Ed Miliband is right, the promise of an EU referendum won’t win the 2015 election

Ed Miliband understands that people want a government that understands their concerns about Europe but is not obsessed with it.

I feel quite conflicted with Labour leader Ed Miliband’s decision only to hold an EU referendum under a Labour government if the UK is asked to transfer more powers to Brussels. I’m conflicted because, while I am unashamedly pro EU, I dislike what I perceive is a fear of giving people a say.

Undoubtedly, though, this is a clever political move on the part of the Labour leader. This will leave the Tories to tear themselves apart over Europe and will reassure the business community that, under a Labour government, there will be a sense of certainty going into the next parliament.

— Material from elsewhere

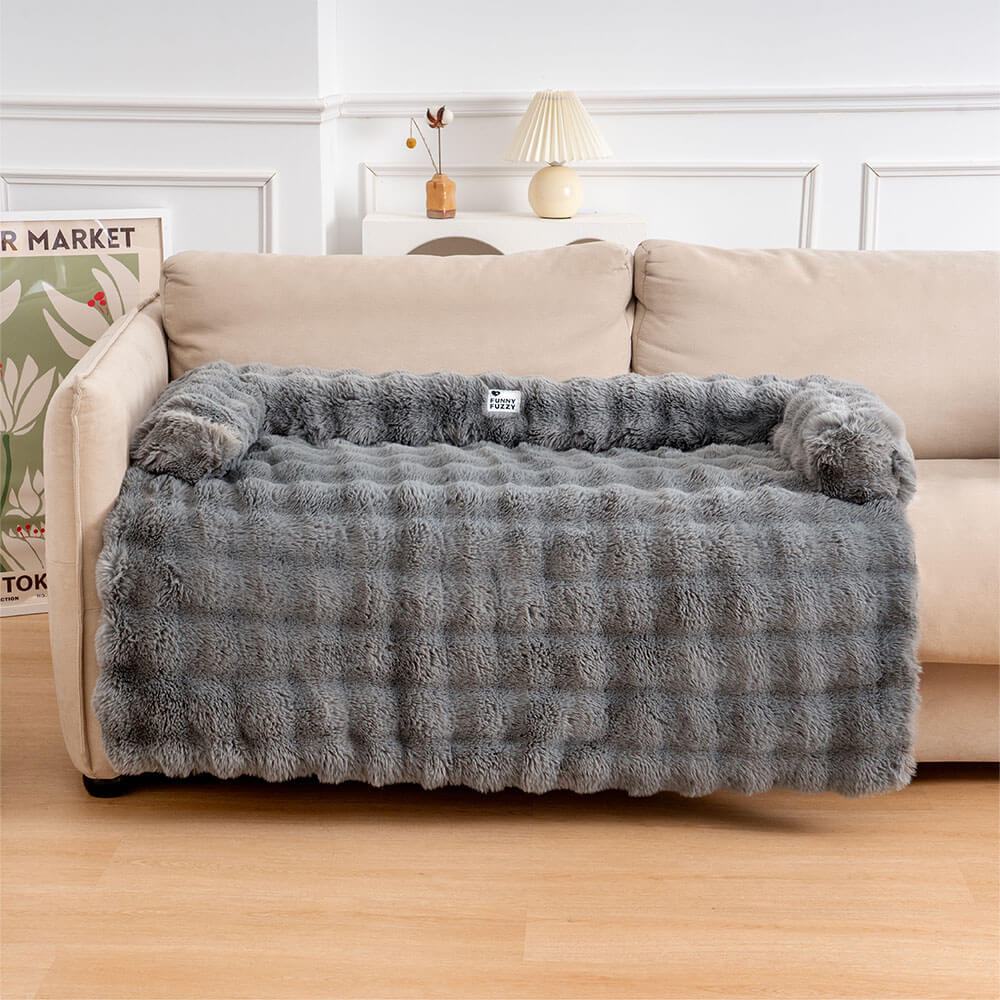 Fofo Fuzzy Calmante Cachorro Cama Sofá Protetor Tapete Para Animais De Estimação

As I wrote last week, it is now wrong to call the Tories the party of business – on issues such as immigration and Europe they are starkly at odds with the business community.

And yet I would still quite like an EU referendum in order to put the issue to bed – providing, that is, the UK votes to stay inside the EU, something which is far from guaranteed with the legions of misinformation on Europe pumped out by the tabloids.

As Ed Miliband has made clear today, though, the case for Britain’s continued membership of the EU is strong.

For the left, the continued importance of the European project should be self-evident. Corporations and wealthy individuals already behave globally, and the labour movement will also have to think transnationally unless it wishes to sink into irrelevance and see the social gains of the 20th century wiped out by a borderless capitalism.

Even modest social democratic reforms can no longer occur in a single country. There is nothing to stop those with a few hundred thousand in the bank from upping sticks and moving abroad when they’re feeling a bit stingy. Those who wish to create a more equal society will in future have to think in a similarly borderless fashion – or at a minimum throw their lot in with bigger democratic institutions that have the power to set cross-border tax rates such as the EU.

Europe is generally considered anathema for conservatives; yet it is difficult to envisage Britain punching above its weight on the world stage in the coming century if it goes it alone.

Indeed, contrary to popular feeling it is the mentality of the Little Englander which stands athwart the wrong side of history yelling ‘stop’.

Contrary to the coverage the issue receives in the media, Europe tends to come out fairly low on the list of voters’ concerns. However, paradoxically issues on which Europe actually makes a difference come out much higher – immigration if often cited as the public’s biggest concern, and is effected a great deal by Britain’s continued membership of the EU.

The real question, however, is whether immigration – and by extension the EU – are the issues that will change the minds of voters in 2015. Ed Miliband has hedged his bets that they won’t, and believes that people want a government that understands their concerns about Europe but is not obsessed with it. I’m inclined to agree with him.